A set of tools built for coworkers to manipulate large (data) files.

License

Notifications You must be signed in to change notification settings

spyderkam/string-manipulator

Repository files navigation

Python Text and File Processing Utilities

A comprehensive Python library providing utilities for text processing, file manipulation, data extraction, and various file format handling. The toolkit includes functionality for string operations, file splitting, log processing, and specialized data format handling.

Features

Text and File Processing

  • String search and position finding with support for regular expressions
  • File splitting with customizable size and format options
  • Log file processing with timestamp and message extraction
  • Indentation conversion between 2 and 4 spaces
  • String replacement across multiple files with backup creation
  • Excel column letter/header conversion with support for complex spreadsheets
  • HDF5 file analysis and variable extraction
  • Empty column filtering for spreadsheet optimization

Installation

  1. Clone this repository:
git clone [repository-url]
  1. Install required dependencies:
pip install numpy pandas h5py xlsxwriter

Components

Text Processing (string_manipulator.py)

The Text class provides core text manipulation and file operations with support for various file formats and encoding types.
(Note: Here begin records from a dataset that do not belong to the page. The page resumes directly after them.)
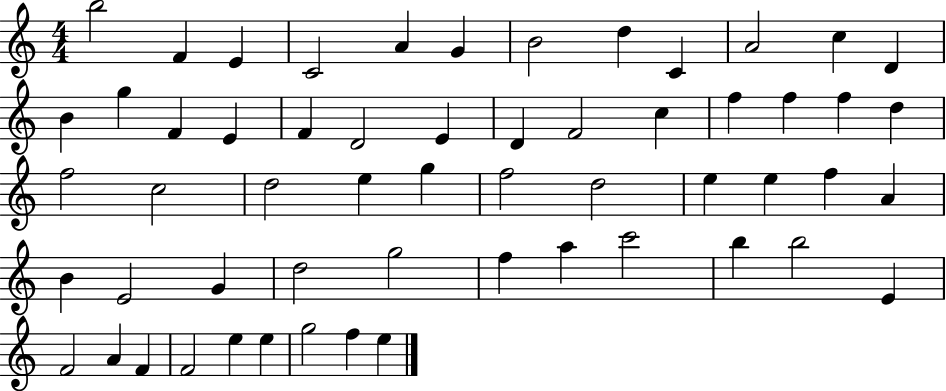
{
  \clef treble
  \numericTimeSignature
  \time 4/4
  \key c \major
  b''2 f'4 e'4 | c'2 a'4 g'4 | b'2 d''4 c'4 | a'2 c''4 d'4 | \break b'4 g''4 f'4 e'4 | f'4 d'2 e'4 | d'4 f'2 c''4 | f''4 f''4 f''4 d''4 | \break f''2 c''2 | d''2 e''4 g''4 | f''2 d''2 | e''4 e''4 f''4 a'4 | \break b'4 e'2 g'4 | d''2 g''2 | f''4 a''4 c'''2 | b''4 b''2 e'4 | \break f'2 a'4 f'4 | f'2 e''4 e''4 | g''2 f''4 e''4 | \bar "|."
}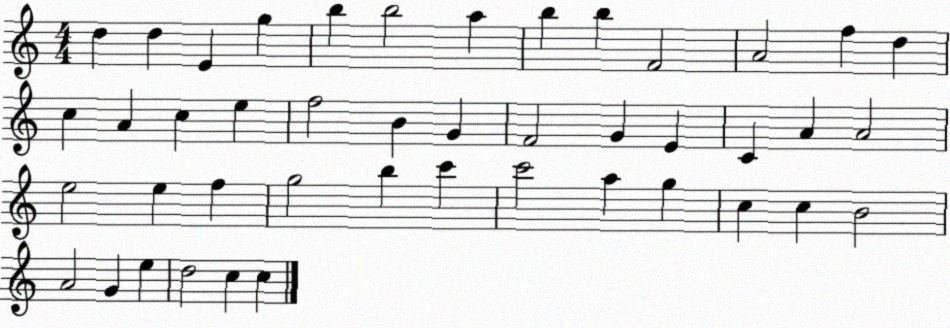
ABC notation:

X:1
T:Untitled
M:4/4
L:1/4
K:C
d d E g b b2 a b b F2 A2 f d c A c e f2 B G F2 G E C A A2 e2 e f g2 b c' c'2 a g c c B2 A2 G e d2 c c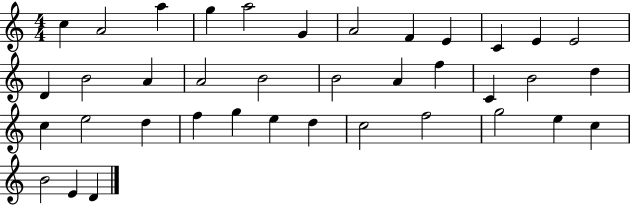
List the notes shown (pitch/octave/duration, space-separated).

C5/q A4/h A5/q G5/q A5/h G4/q A4/h F4/q E4/q C4/q E4/q E4/h D4/q B4/h A4/q A4/h B4/h B4/h A4/q F5/q C4/q B4/h D5/q C5/q E5/h D5/q F5/q G5/q E5/q D5/q C5/h F5/h G5/h E5/q C5/q B4/h E4/q D4/q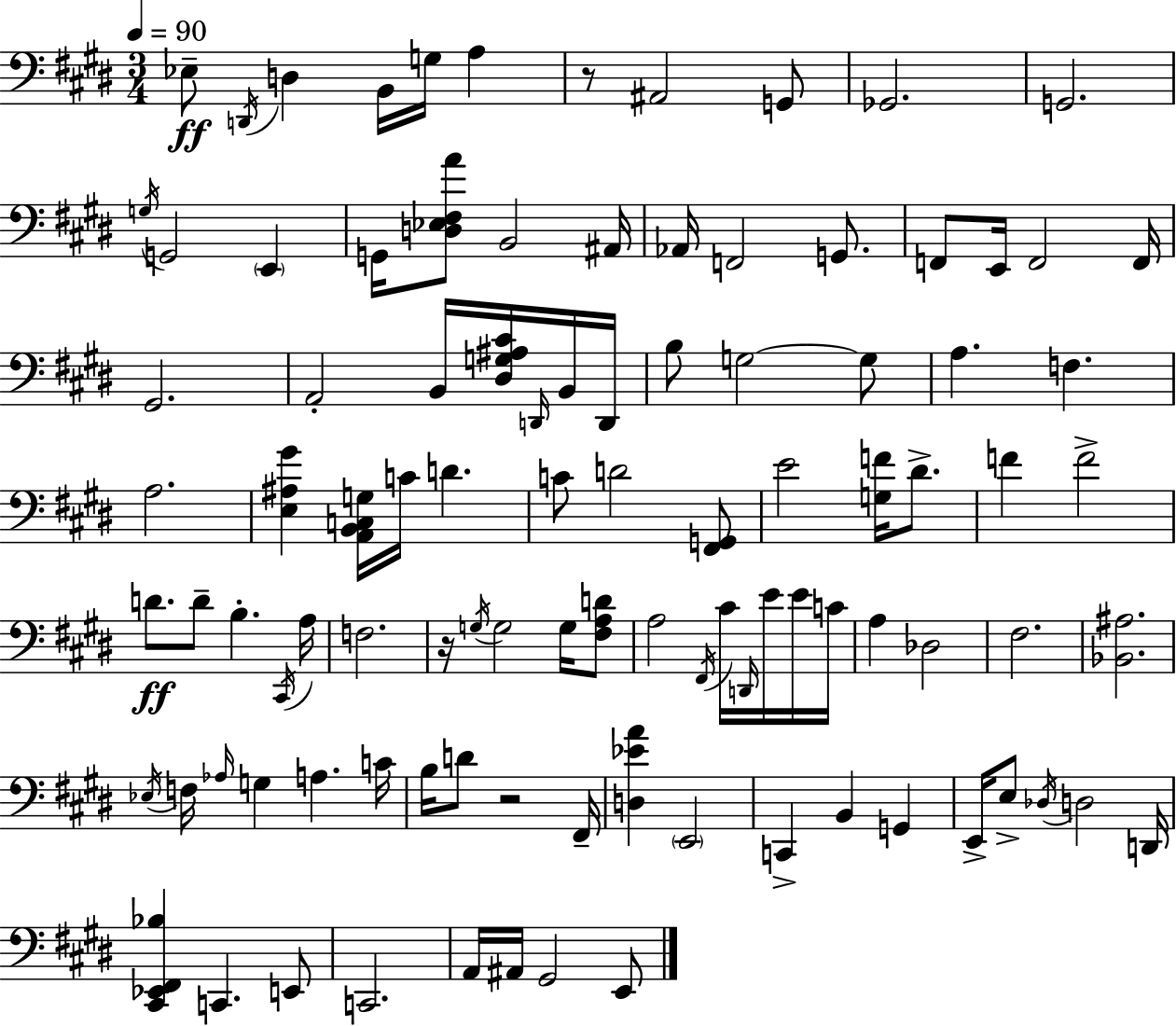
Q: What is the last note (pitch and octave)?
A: E2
from string_manipulator import Text

# Initialize with text content
text = Text(input_text)

# Find occurrences and positions of a string
count, positions = text.find_string("search_term")
# Returns: (3, [0, 45, 72]) # Example: 3 occurrences at positions 0, 45, and 72

# Split files with custom configuration
text.divide_by_lines(
    No_lines=1000,  # Total number of lines in input file
    divfiles=10,    # Number of output files desired
    folder='output',# Output directory
    ext='dat'       # Output file extension
)

# Split by maximum lines per file
text.split_by_lines(
    divlines=100,   # Maximum lines per output file
    ext='txt',      # Output file extension
    folder='output' # Output directory
)

# Split by file size with custom naming
text.split_by_size(
    size=1024,      # Size in bytes
    ext='txt',      # Output file extension
    folder='output',# Output directory
    fname='split'   # Base filename for output files
)

Indentation Converter (indent_converter.py)
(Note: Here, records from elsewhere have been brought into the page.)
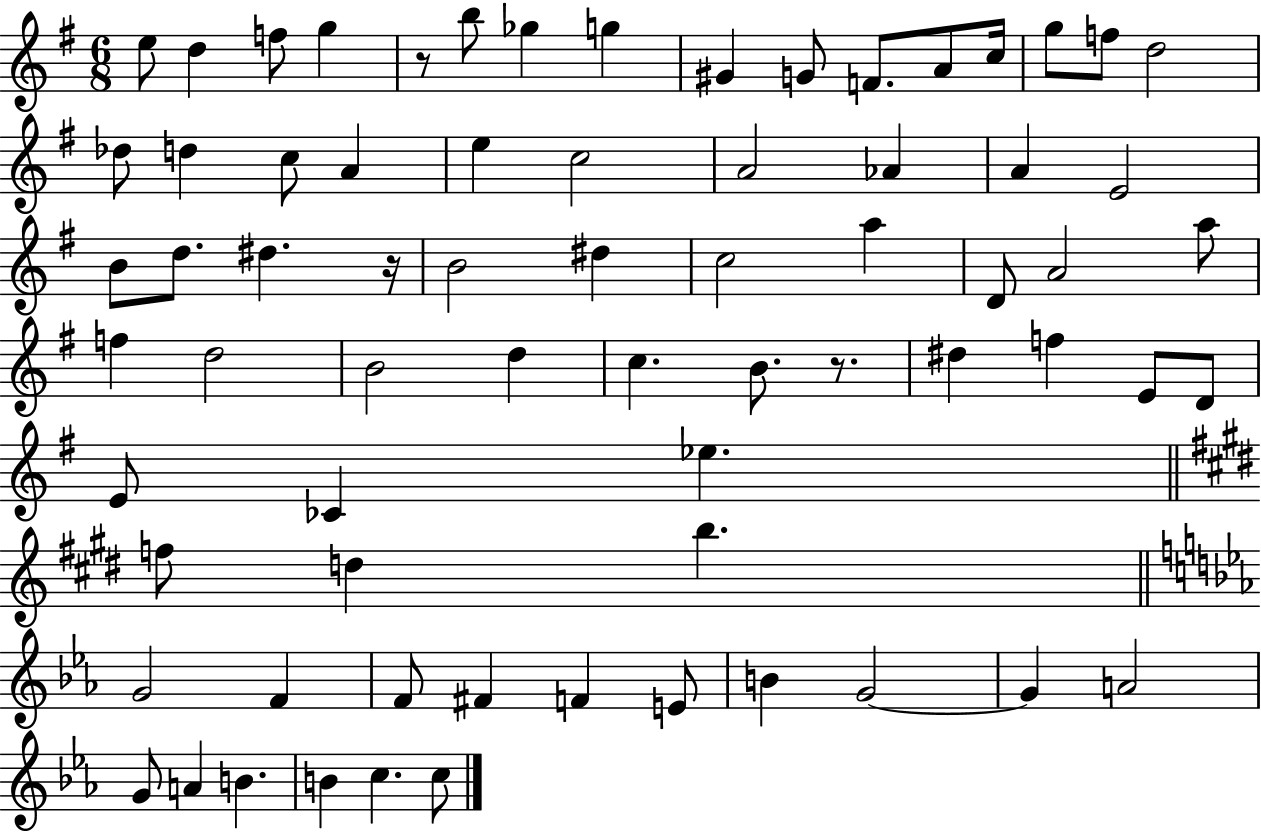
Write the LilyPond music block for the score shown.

{
  \clef treble
  \numericTimeSignature
  \time 6/8
  \key g \major
  e''8 d''4 f''8 g''4 | r8 b''8 ges''4 g''4 | gis'4 g'8 f'8. a'8 c''16 | g''8 f''8 d''2 | \break des''8 d''4 c''8 a'4 | e''4 c''2 | a'2 aes'4 | a'4 e'2 | \break b'8 d''8. dis''4. r16 | b'2 dis''4 | c''2 a''4 | d'8 a'2 a''8 | \break f''4 d''2 | b'2 d''4 | c''4. b'8. r8. | dis''4 f''4 e'8 d'8 | \break e'8 ces'4 ees''4. | \bar "||" \break \key e \major f''8 d''4 b''4. | \bar "||" \break \key c \minor g'2 f'4 | f'8 fis'4 f'4 e'8 | b'4 g'2~~ | g'4 a'2 | \break g'8 a'4 b'4. | b'4 c''4. c''8 | \bar "|."
}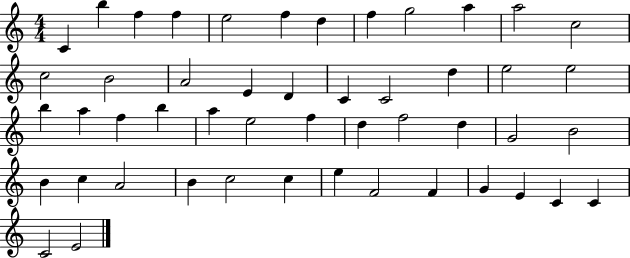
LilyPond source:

{
  \clef treble
  \numericTimeSignature
  \time 4/4
  \key c \major
  c'4 b''4 f''4 f''4 | e''2 f''4 d''4 | f''4 g''2 a''4 | a''2 c''2 | \break c''2 b'2 | a'2 e'4 d'4 | c'4 c'2 d''4 | e''2 e''2 | \break b''4 a''4 f''4 b''4 | a''4 e''2 f''4 | d''4 f''2 d''4 | g'2 b'2 | \break b'4 c''4 a'2 | b'4 c''2 c''4 | e''4 f'2 f'4 | g'4 e'4 c'4 c'4 | \break c'2 e'2 | \bar "|."
}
Convert between 2-space and 4-space indentation in Python files with backup creation and error handling.

from indent_converter import convert_indentation

# Convert to 2 spaces
convert_indentation(
    "path/to/file.py",
    to_two_spaces=True  # False for 4-space conversion
)

# Error handling example
try:
    convert_indentation("path/to/file.py", to_two_spaces=True)
except Exception as err:
    print(f"Error processing file: {str(err)}")

Configuration Options:

  • to_two_spaces: Boolean flag for conversion direction
  • Automatic backup creation with .bak extension
  • Preserves empty lines and comments
  • Handles mixed indentation gracefully

Excel Column Utilities (letters_and_headers.py)

Comprehensive utilities for working with Excel column letters and headers, supporting complex spreadsheet operations.

from letters_and_headers import (
    getLetters, 
    getHeaders, 
    colLetter_to_Num,
    colHeader_to_Letter,
    stringOfLettersList
)

# Convert headers to Excel column letters
letters = getLetters(['Name', 'Age'], dataframe)
# Returns: {'Name': 'A', 'Age': 'B'}

# Convert letters to headers
headers = getHeaders(['A', 'B'], dataframe)
# Returns: {'A': 'Name', 'B': 'Age'}

# Convert column letter to number (zero-based)
column_num = colLetter_to_Num('AA')
# Returns: 26 (zero-based index)

# Get formatted string of column letters
letters_str = stringOfLettersList(['Name', 'Age'], dataframe)
# Returns: "A, B"

# Convert multiple headers to letter format
column_letters = colHeader_to_Letter(['Name', 'Age'], dataframe)
# Returns: "A, B"

HDF5 File Processing (hdf5.py)

Advanced tools for analyzing and processing HDF5 files with support for complex data structures and variable types.

from hdf5 import HDF5

# Initialize HDF5 processor
h5_file = HDF5("path/to/file.h5")

# Find variables in HDF5 file
var_locations = h5_file.findVar('variable_name')
# Returns: {'dataset_name': [0, 2, 5]} # Indices where variable appears

# Generate complete data sets
h5_dict, h5_varNames, varNames = h5_file.genSets()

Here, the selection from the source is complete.